Une des rares copies de la basilique du Saint-Sépulcre se niche au cœur de l'Indre et témoigne de l'influence de Jérusalem sur l'Occident au XI siècle.


Terre Sainte Magazine accompagne votre confinement ! Parce qu’un peu de Jérusalem se cache partout en France, on vous raconte ce patrimoine souvent inconnu et actuellement inaccessible.


Elle est unique en France.
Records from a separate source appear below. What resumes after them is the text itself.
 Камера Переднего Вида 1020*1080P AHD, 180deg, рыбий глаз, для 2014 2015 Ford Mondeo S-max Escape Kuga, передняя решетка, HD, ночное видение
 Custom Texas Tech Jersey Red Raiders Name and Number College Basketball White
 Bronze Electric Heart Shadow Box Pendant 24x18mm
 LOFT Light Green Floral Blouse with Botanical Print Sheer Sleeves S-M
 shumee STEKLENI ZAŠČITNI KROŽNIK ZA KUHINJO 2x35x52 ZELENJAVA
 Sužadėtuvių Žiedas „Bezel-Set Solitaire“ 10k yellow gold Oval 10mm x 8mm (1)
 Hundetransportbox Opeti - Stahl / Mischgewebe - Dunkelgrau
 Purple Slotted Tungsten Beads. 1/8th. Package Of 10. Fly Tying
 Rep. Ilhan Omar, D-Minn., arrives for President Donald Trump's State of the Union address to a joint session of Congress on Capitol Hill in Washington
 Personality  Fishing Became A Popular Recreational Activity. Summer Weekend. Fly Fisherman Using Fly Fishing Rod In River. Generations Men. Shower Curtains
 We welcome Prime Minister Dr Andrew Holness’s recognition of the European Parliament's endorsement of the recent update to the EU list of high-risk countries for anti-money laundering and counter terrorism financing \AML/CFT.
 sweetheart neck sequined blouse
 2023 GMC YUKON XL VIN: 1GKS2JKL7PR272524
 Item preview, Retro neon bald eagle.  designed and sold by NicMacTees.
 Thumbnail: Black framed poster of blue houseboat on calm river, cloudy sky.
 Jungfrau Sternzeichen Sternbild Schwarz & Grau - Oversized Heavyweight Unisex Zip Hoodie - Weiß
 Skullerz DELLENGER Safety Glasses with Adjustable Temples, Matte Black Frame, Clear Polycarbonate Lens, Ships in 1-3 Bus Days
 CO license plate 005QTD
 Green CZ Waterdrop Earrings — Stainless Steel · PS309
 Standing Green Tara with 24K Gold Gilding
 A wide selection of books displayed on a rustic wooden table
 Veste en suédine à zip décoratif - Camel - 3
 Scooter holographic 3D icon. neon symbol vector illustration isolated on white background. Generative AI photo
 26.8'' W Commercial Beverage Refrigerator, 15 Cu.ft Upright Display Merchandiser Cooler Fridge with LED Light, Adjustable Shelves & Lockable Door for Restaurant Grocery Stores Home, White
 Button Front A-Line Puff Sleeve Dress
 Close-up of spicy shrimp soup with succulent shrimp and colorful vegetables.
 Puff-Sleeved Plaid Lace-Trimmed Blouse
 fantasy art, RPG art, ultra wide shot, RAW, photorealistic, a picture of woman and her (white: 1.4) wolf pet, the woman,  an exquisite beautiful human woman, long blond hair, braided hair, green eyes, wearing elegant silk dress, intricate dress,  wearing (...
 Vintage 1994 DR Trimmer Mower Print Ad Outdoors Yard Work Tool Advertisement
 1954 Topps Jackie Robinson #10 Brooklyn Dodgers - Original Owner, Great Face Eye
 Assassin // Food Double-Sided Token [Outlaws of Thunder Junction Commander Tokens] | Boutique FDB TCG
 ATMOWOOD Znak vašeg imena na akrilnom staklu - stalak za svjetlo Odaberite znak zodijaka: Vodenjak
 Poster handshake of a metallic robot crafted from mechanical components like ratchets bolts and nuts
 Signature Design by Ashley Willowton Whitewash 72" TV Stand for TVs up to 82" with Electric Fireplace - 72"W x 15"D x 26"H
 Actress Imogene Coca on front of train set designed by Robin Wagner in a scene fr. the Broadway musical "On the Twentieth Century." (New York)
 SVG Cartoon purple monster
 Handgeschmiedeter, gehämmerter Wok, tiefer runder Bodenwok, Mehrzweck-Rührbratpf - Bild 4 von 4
Avec sa large rotonde, la basilique Saint-Etienne de Neuvy-Saint-Sépulchre (Indre) n’est pas sans rappeler celle que l’on trouve à Jérusalem, au dessus du tombeau du Christ. C’était tout le souhait du seigneur local, Eudes de Déols, qui revenant d’un voyage en Terre sainte au milieu du XIe siècle, décida d’édifier une église qui serait la copie-conforme de la Basilique du Saint-Sépulcre. Objectif : signaler sa mainmise sur le bas-Berry.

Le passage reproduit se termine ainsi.